Change portfolio management focuses on the impact of changes and how they may impact the organisation across initiatives.  There is also focus on change delivery resourcing and change capability development.  One of the most critical pain points faced by organisations is change saturation and change fatigue.  To better manage a portfolio of initiatives from a change perspective and manage potential change saturation, data is required.

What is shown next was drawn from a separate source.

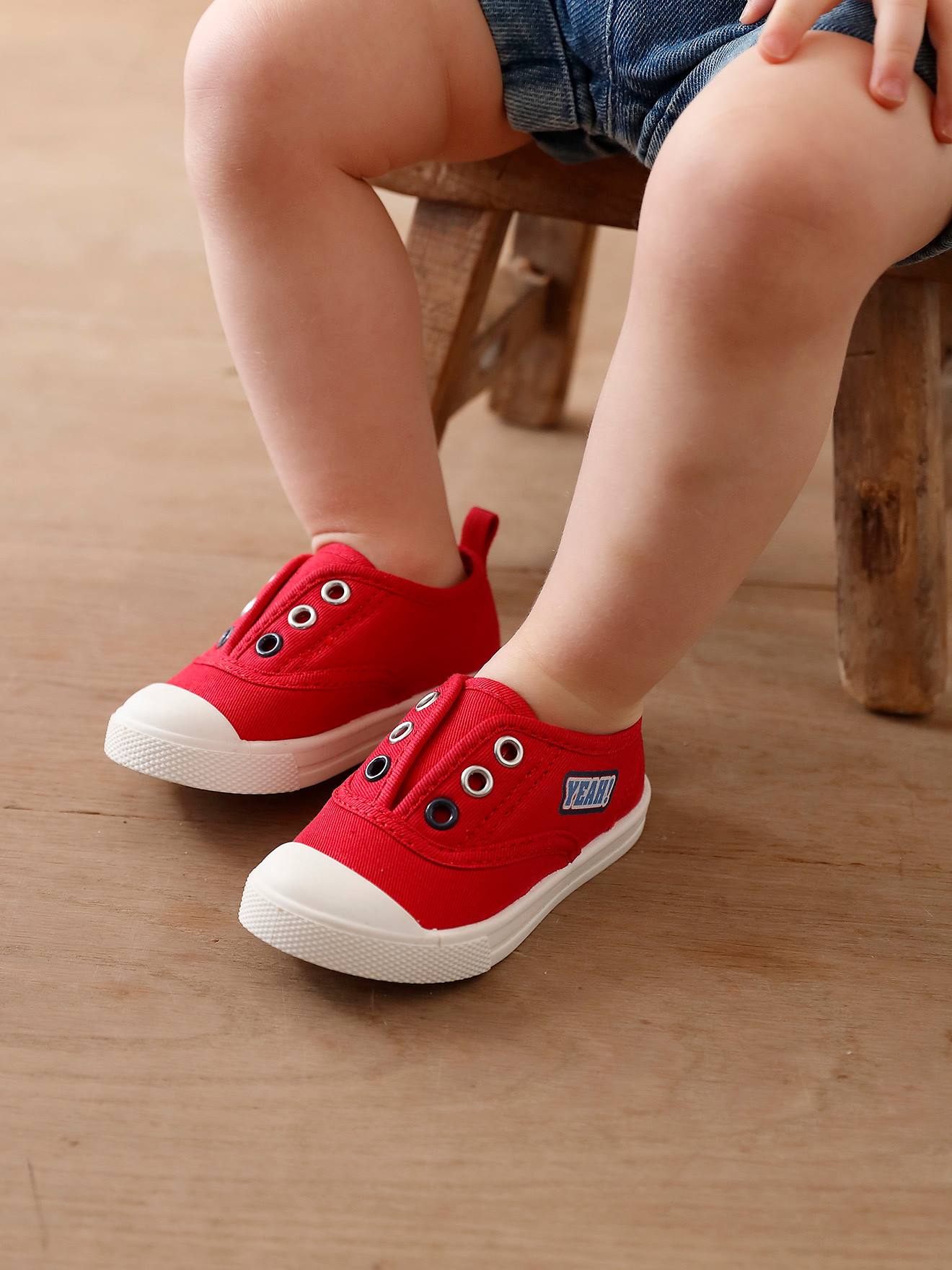 Baskets élastiquées en toile bébé rouge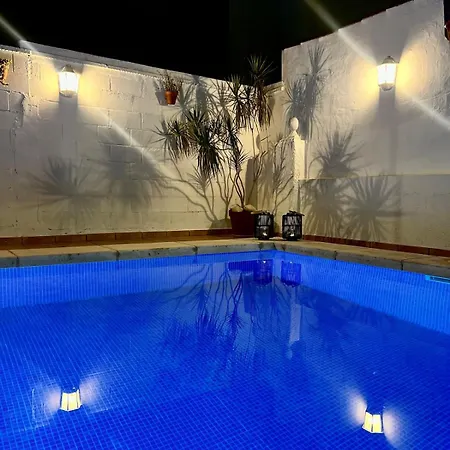 Art House 3br Private Pool *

Effective change portfolio management tools can help you:

  • Identify and plot change saturation points for different parts of the organisation
  • Identify risk levels of potential change saturation across roles, locations, layers of the organisations, etc.
  • Assess to what extent changes may be better delivered as an integrated package to one part of the organisation, or broken down to smaller, more digestable chunks
  • Assess to what extent changes may be better aligned and delivered through integrated messaging from an impacted stakeholder perspective (vs. from project perspective)
  • Plan for change management delivery resourcing 

Examples of change portfolio data visualisation from The Change Compass

To read more about managing a change portfolio visit 7 change portfolio management best practices.

In summary, there are many strong reasons why change management professionals should adopt digital change management solutions to achieve greater change outcomes as well as to automate the tedious parts of the work to gain time to spend with stakeholders.  With the ever increasing pace of digitisation in organisations, change management must also follow suit in digitising itself.  Just as we could use modern fabrication techniques to build skyscrapers that are stronger and more resilient vs using traditional brick and mortar, so should change managers in leveraging digital tools to support digital transformations.